Michelle Louise Helene Fischbach ( ; ; born November 3, 1965) is an American attorney and politician who is the U.S. representative from Minnesota's 7th congressional district. The district, which is very rural, is Minnesota's largest congressional district and includes most of the western area of the state. A Republican, Fischbach served as the 49th lieutenant governor of Minnesota under Governor Mark Dayton.

Fischbach was a member of the Minnesota Senate from 1996 to 2018. During her tenure, she was the President of the Minnesota Senate from 2011 to 2013 and from 2017 to 2018. When Dayton appointed Tina Smith to the U.S. Senate after Al Franken’s resignation, Fischbach became the lieutenant governor of Minnesota under the Minnesota Constitution. She served as lieutenant governor from 2018 to 2019.

While serving as the incumbent lieutenant governor of Minnesota, Fischbach was former Governor Tim Pawlenty's nominee for lieutenant governor in the Minnesota Republican Party primary during the 2018 Minnesota gubernatorial election. Pawlenty and Fischbach lost in a contentious primary election.

In the 2020 U.S. House elections, Fischbach defeated 30-year DFLer incumbent Collin Peterson.

As of March 2022, Fischbach is the most recent Republican to hold statewide office in Minnesota.

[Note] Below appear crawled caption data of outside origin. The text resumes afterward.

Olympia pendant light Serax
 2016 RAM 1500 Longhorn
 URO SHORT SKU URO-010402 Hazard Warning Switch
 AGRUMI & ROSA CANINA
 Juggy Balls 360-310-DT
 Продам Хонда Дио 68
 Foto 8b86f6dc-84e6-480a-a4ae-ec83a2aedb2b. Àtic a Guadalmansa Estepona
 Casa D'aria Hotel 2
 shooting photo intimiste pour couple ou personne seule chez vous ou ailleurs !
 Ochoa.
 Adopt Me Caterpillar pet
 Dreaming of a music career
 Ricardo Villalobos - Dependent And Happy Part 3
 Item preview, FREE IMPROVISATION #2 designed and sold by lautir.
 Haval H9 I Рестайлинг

Early life, education and career
Fischbach grew up in Woodbury, Minnesota. After graduating from Woodbury High School, she attended the College of St. Benedict in St. Joseph from 1984 to 1986; she later transferred to St. Cloud State University, where she graduated with a B.A. in political science and economics in 1989. Fischbach earned her J.D. from William Mitchell School of Law in Saint Paul in 2011.

She first got involved in politics as an intern to Rudy Boschwitz, the incumbent U.S. Senator from Minnesota.

In 1994, Fischbach became the first woman elected to the Paynesville City Council, where she served until she was elected to the Minnesota Senate in 1996.

Minnesota Senate
Fischbach was elected to the Minnesota Senate in 1996 in a special election held after the resignation of DFL Senator Joe Bertram, who had recently pleaded guilty to shoplifting. Fischbach was reelected months later in the 1996 general election, and in 2000, 2002, 2006, 2010, 2012, and 2016. She served as an assistant minority leader from 2001 to 2002 and from 2007 to 2008, and as a deputy minority leader from 2009 to 2010. Fischbach also served as the chair of the Senate's higher education committee.

In 2011, after an election in which Senate Republicans won a majority for the first time since party designation, Fischbach's colleagues elected her the first female president of the Minnesota Senate, a post she held until Republicans lost their majority in 2013. After Republicans regained a majority following the 2016 election, Fischbach was again elected Senate president on January 3, 2017.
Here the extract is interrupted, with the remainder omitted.